All those who love beer raise your hand! It is obvious that the craft beer revolution is still in full swing. The creative juices around the world have been working double-time to create some fantastic beer based in both tradition and contemporary inventiveness. Let’s take a look at how spices and dried herbs are used in creating these sumptuous suds.

Heather Tips: The flowers and leaves of this herb are used to add a smooth, mint-like flavor and chamomile aroma to Scotch Ale beer. Heather Tips and honey are a classic combination. Beers that use this herb are referred to as “Heather Beer.” Heather tips must be cleaned carefully before being used as it can contain a hallucinogenic fungus.

Cardamom: This spice, which comes in a pod form and is in the same family as ginger, is pungent and offers a slightly spicy-molasses quality to beer. It is commonly used to flavor Belgian beers, porters, stouts or red ales.

Coriander: The seed of the coriander herb is commonly used in making German Wit Beer and Belgian Style White Beers. Often it is paired with dried orange peel and cardamom. Coriander seed offers a nice pungent aroma and should always be toasted before adding to the brew.

Woodruff: Before hops became the popular choice about 500 years ago, Woodruff was the preferred herb for infusing bitter flavor into beer. This herb has a distinctive vanilla aroma with bitter hay-like notes. Beers made with Woodruff are referred to as “Gruitbier.” It is hardly ever made commercially, but it is still being produced primarily in Germany where Woodruff simple syrup is added to balance the acidity of Berliner Weisse beer.

Juniper Berries: These are most commonly known to flavor gin, however, they are also used to flavor the traditional ale of Finland, known as Sahti. Juniper berries are purple-black in color and are generally available dried. They are very strong so use sparingly.

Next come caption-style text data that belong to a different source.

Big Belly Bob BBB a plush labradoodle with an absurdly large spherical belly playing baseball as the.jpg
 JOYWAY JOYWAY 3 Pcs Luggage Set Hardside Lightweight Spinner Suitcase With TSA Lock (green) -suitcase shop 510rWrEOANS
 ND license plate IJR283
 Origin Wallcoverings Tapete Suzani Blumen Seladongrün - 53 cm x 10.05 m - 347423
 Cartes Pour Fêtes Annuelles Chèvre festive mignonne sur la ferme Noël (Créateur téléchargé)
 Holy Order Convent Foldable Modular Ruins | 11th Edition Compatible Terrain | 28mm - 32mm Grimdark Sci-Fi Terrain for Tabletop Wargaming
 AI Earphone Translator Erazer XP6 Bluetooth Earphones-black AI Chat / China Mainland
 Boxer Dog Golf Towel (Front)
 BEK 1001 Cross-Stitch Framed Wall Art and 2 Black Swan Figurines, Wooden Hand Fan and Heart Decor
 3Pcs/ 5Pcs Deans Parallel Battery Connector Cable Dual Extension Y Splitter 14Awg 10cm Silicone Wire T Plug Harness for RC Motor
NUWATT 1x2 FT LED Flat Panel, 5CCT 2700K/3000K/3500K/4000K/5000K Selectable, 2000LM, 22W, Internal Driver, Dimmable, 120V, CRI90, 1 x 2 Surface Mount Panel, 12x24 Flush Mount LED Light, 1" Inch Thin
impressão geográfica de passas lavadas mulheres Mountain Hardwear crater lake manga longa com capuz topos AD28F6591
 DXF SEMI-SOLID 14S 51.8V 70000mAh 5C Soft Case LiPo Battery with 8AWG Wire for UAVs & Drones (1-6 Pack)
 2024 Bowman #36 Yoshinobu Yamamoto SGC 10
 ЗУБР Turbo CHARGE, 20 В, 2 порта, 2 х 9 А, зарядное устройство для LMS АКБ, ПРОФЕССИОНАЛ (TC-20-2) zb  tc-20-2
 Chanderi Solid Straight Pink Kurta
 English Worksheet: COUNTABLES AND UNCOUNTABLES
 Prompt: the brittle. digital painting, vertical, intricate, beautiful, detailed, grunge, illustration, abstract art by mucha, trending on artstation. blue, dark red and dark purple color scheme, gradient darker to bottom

Mugwort: The leaves of this plant impart an Anise-like bittersweet flavor and aroma to beer. The dried leaves are brewed like a tea and then “pitched” into the fermenting beer. The name was derived from the fact that beer was drunk out of mugs and a good beer was thereby considered a “mug’s worth.”

Sweet Gale: This shrub produces bark and leaves that contain strong resinous oil and can be substituted for the same bitter flavor that hops produce. It grows in the bogs & moors of Scotland and is used in making Scottish Ales. Sweet Gale is also known as “Bog Myrtle” & “Badge of the Campbells.”

Next time you are shopping the beer section of the market, take a peek at the ingredients. You never know what today’s craft beer brewers are experimenting with and sometimes they might just be sticking with tradition. Enjoy a nice cold beer or two.